The Ateneu Universitari Sant Pacià (AUSP) has joined the study movement that this anniversary encourages and has made it an object of research by the faculties that comprise it. On April 18 and 19, it will organize an international conference on this topic. Furthermore, the anniversary has also been the reason for the inaugural lecture of this course at the AUSP, which I gave under the title Reflections and questions surrounding the Council of Nicaea of ​​325 and where I showed the questions raised by the birth of the Christian faith, the change that Nicaea represents when the Church stops being persecuted and how it adapts to the new situation. I made people aware of the care that must be taken with the sources that provide us with information and I noted how it should be contrasted with the maximum scientific rigor. An exciting study to understand the history and value the Christian faith from birth to today in the service of people and a more just world. Honest return to original sources helps.

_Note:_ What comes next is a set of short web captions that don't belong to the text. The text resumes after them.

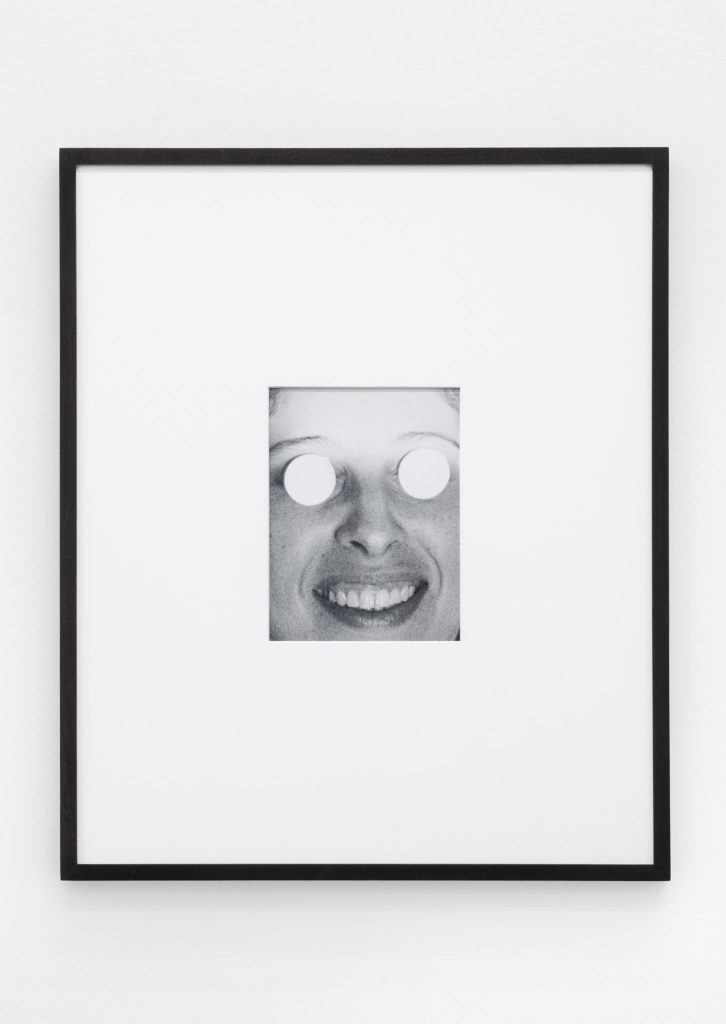 <i>mirror eyes</i>, 2016
</br>
framed inkjet print, 51 x 56 cm / 20 x 22 in >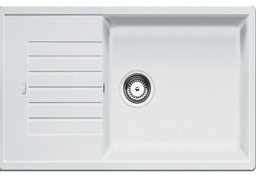 Кухонная мойка Blanco врезная Zia XL 6 S compact (527214), белый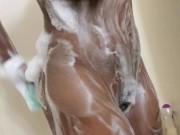 Ebony Shower - Screenshot 4 of 16 - Ass Fuck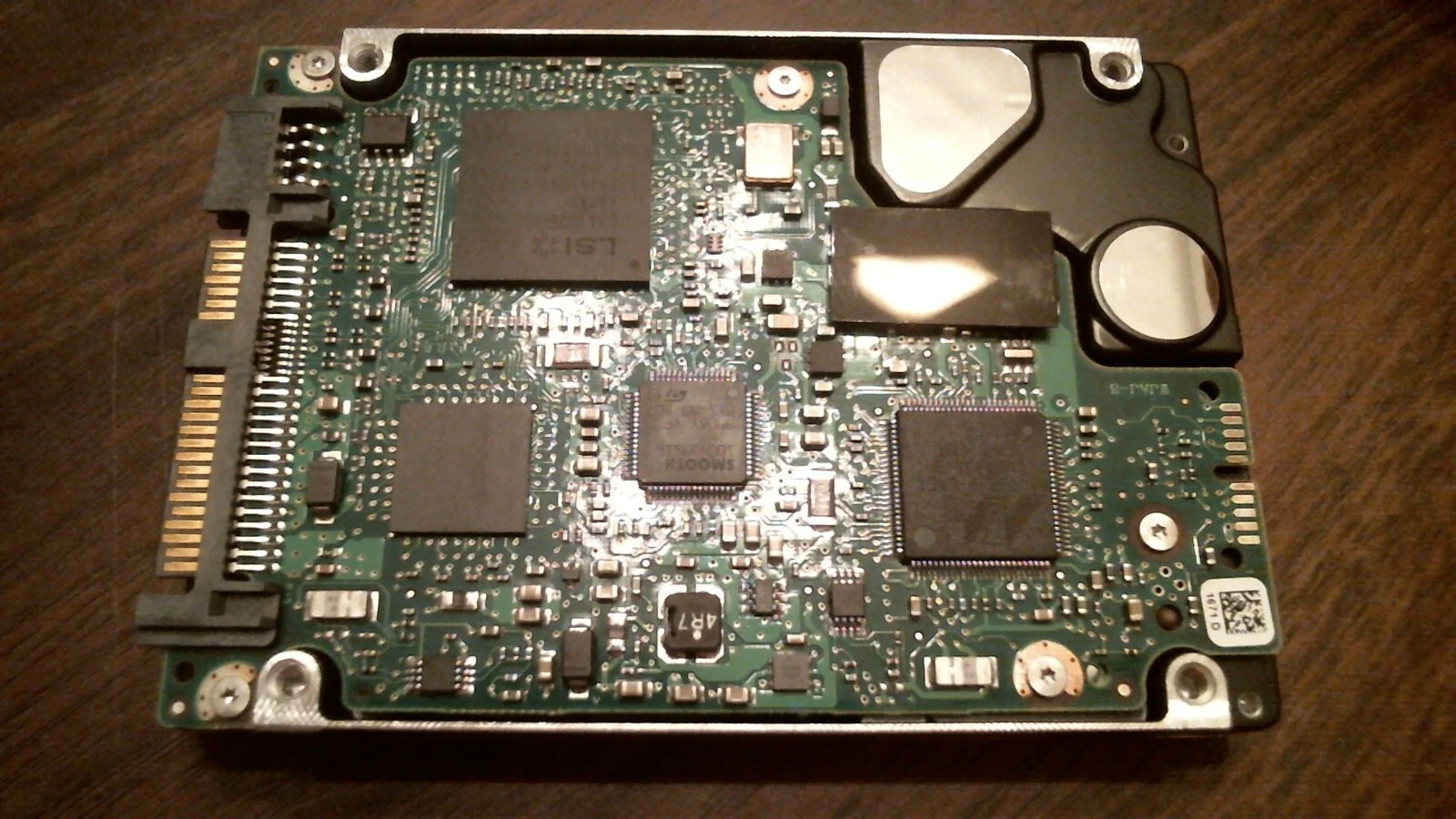 HDD Laptop Hard Disk Drive SATA hp invent 146GB DG146BB976 430165-003 9F6066-035 - image 4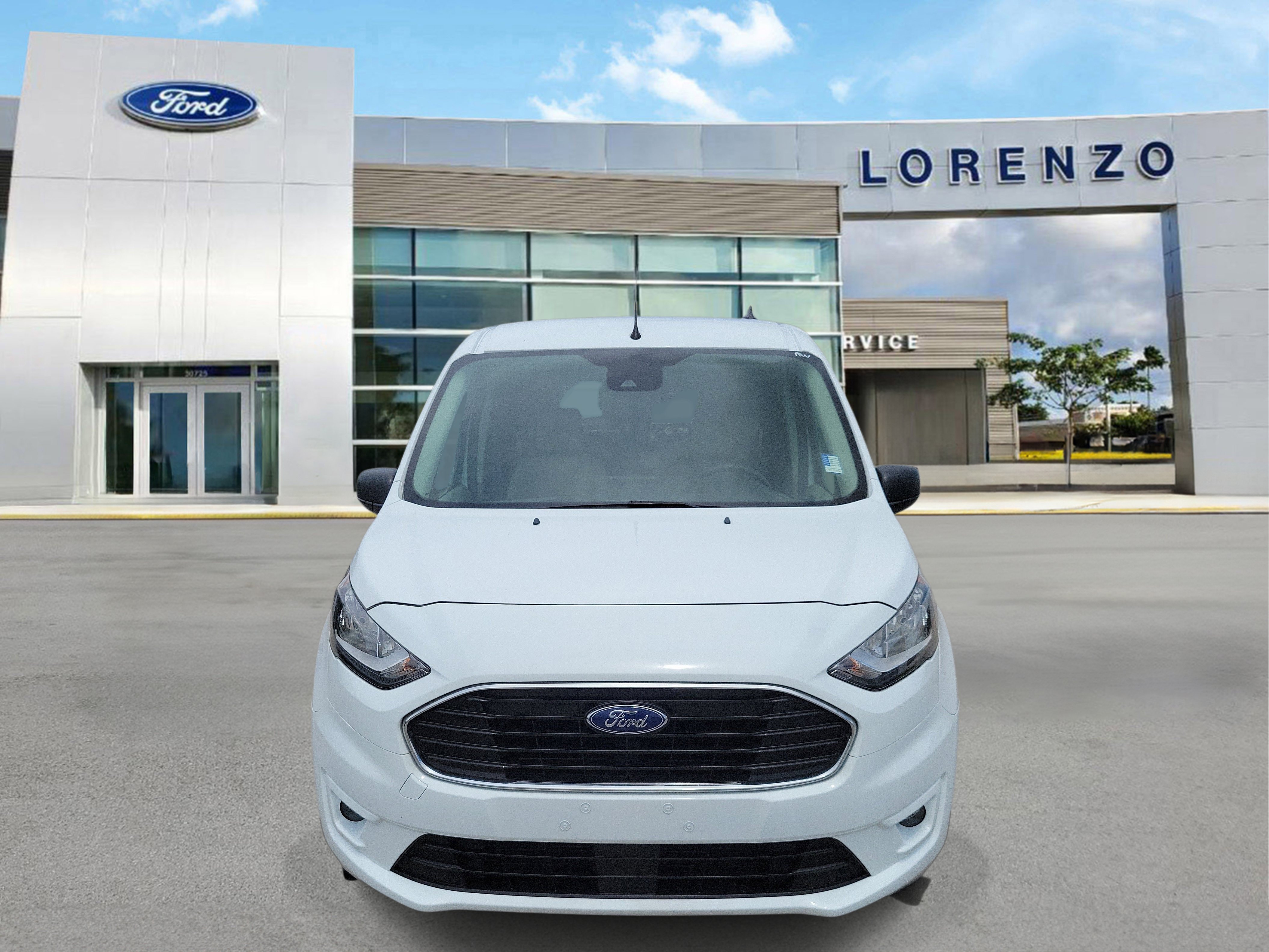 Used 2023 Ford Transit Connect XLT FWD video 2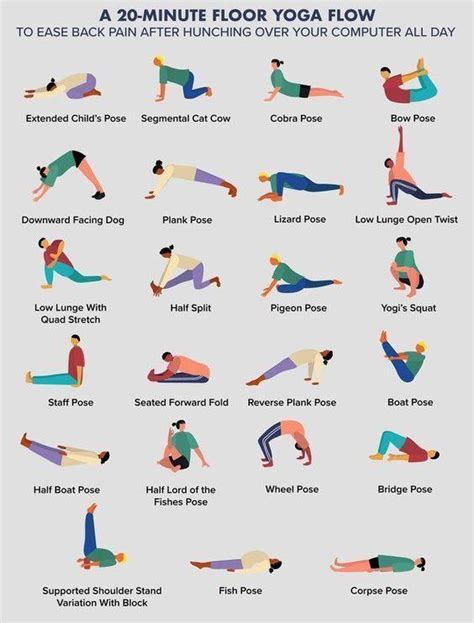 Easy Yoga Poses For Back Pain Scrolller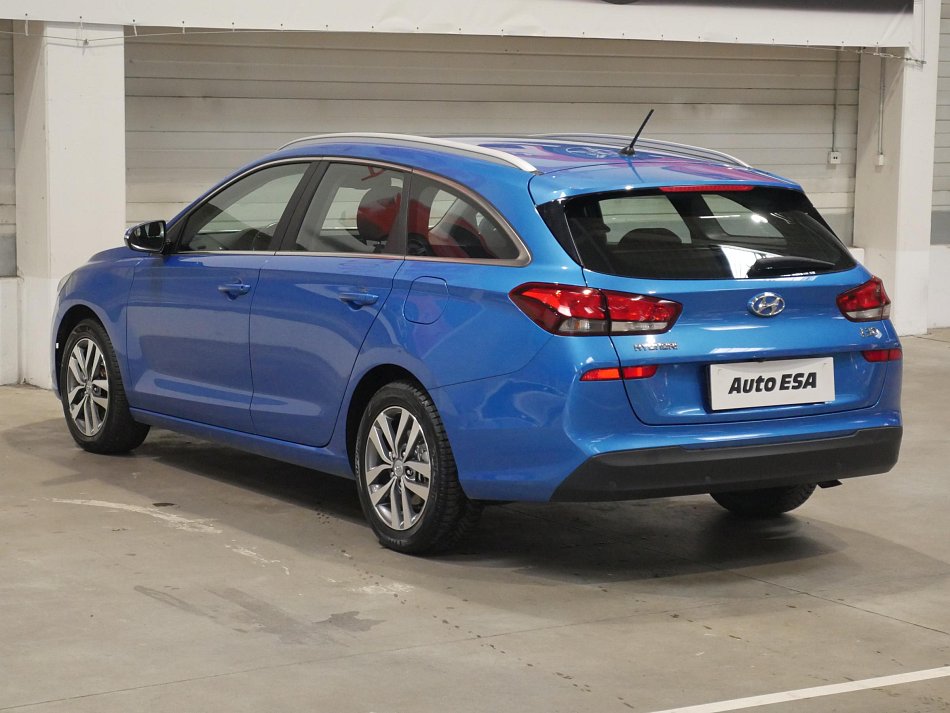 Hyundai I30 1.4T-GDi 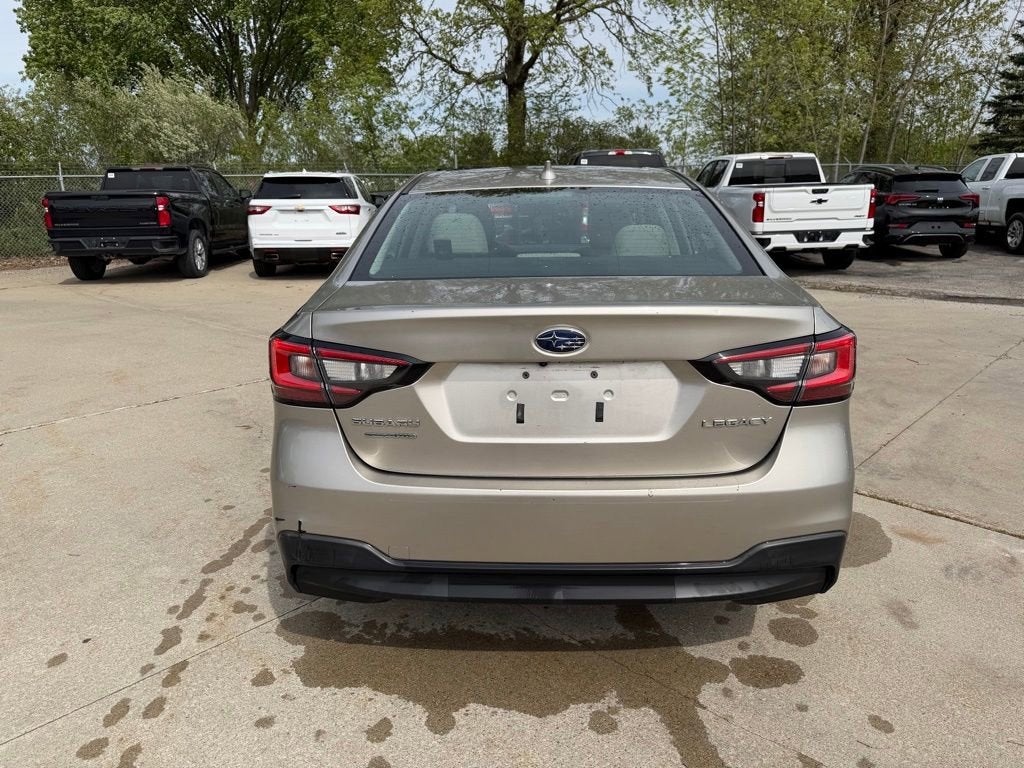 2020 Subaru Legacy Premium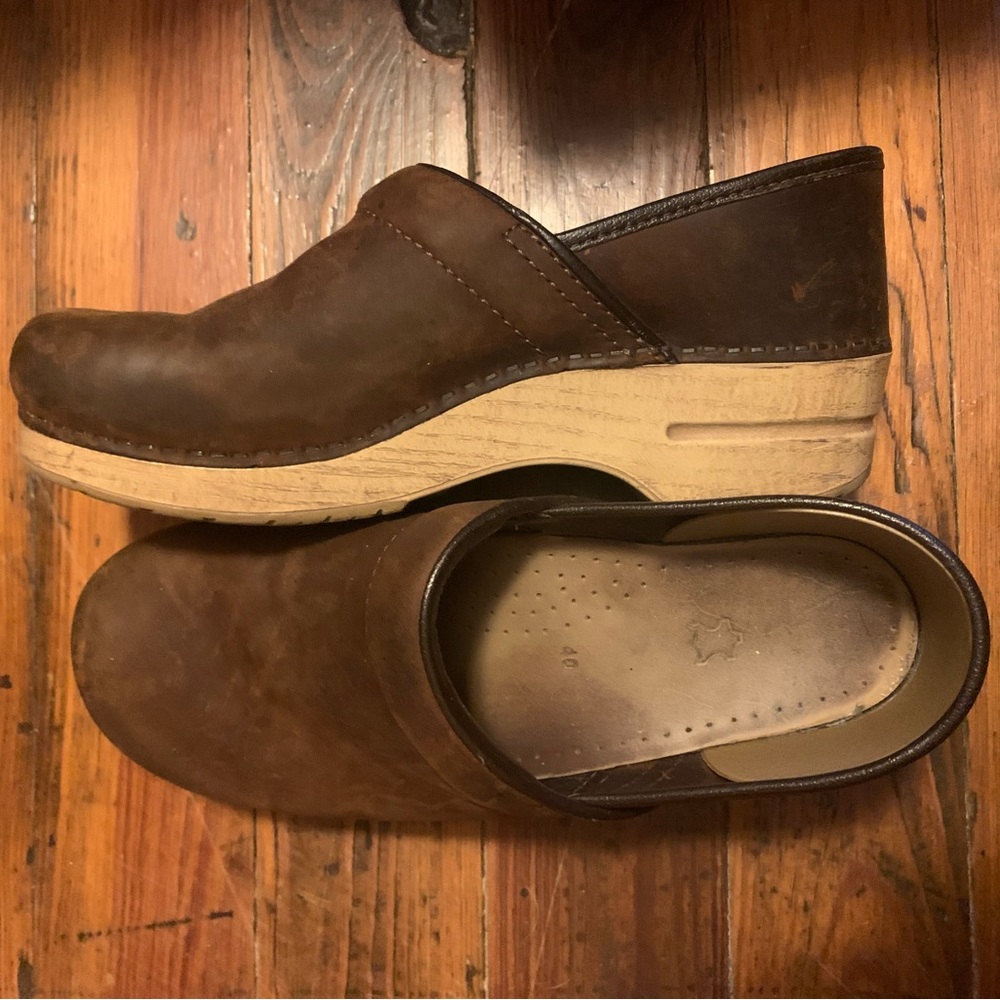 Dansko Clogs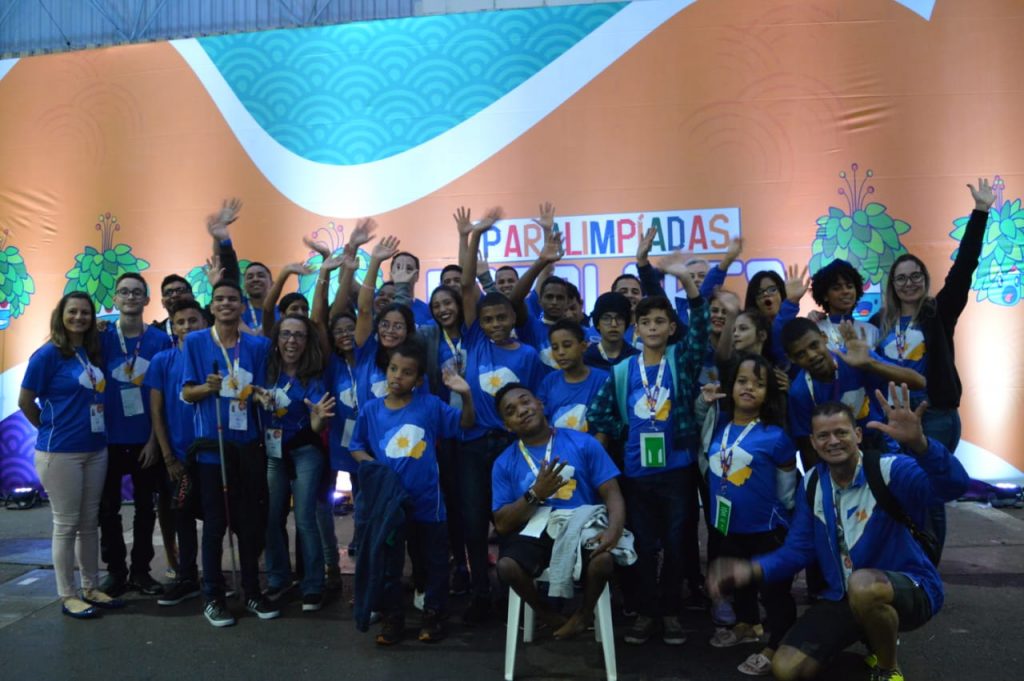 Atleta-do-Tocantins-3-1024x681 Atleta do Tocantins é premiada durante cerimônia de abertura das Paralimpíadas Escolares 2019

For this reason, it is difficult to find statements that say that Christian beginnings were subject to the dilemma “baptism or execution”, coming from a work by C. Nixey (2018) that places Christian origins in a shadow, a darkness full of terror that forced to receive a baptism in exchange for life. A strange situation in which the one who had been persecuted was now even more of a persecutor and used the power he supposedly had to force a baptism without taking into account that, without conversion, it could not produce any effect at all. There are many scholars who have questioned the reading of the sources made in this work, as well as the research method, very little contrasted, which reaches supposed conclusions that shed light on things completely hidden throughout history until now.

Rather, today historical research is unanimous when it affirms that the Christian Church spread strongly because it was a universal phenomenon, derived from the Gospel of Jesus of Nazareth, which revealed God as father of the whole world, which gave a dignity equal to Anyone. The consequence was the exercise of charity not only among its members, but towards the entire world. Only that could be a guarantee that whoever wanted to take part would not do so to enjoy this benefit, but rather for a true conversion of heart, a condition for baptism.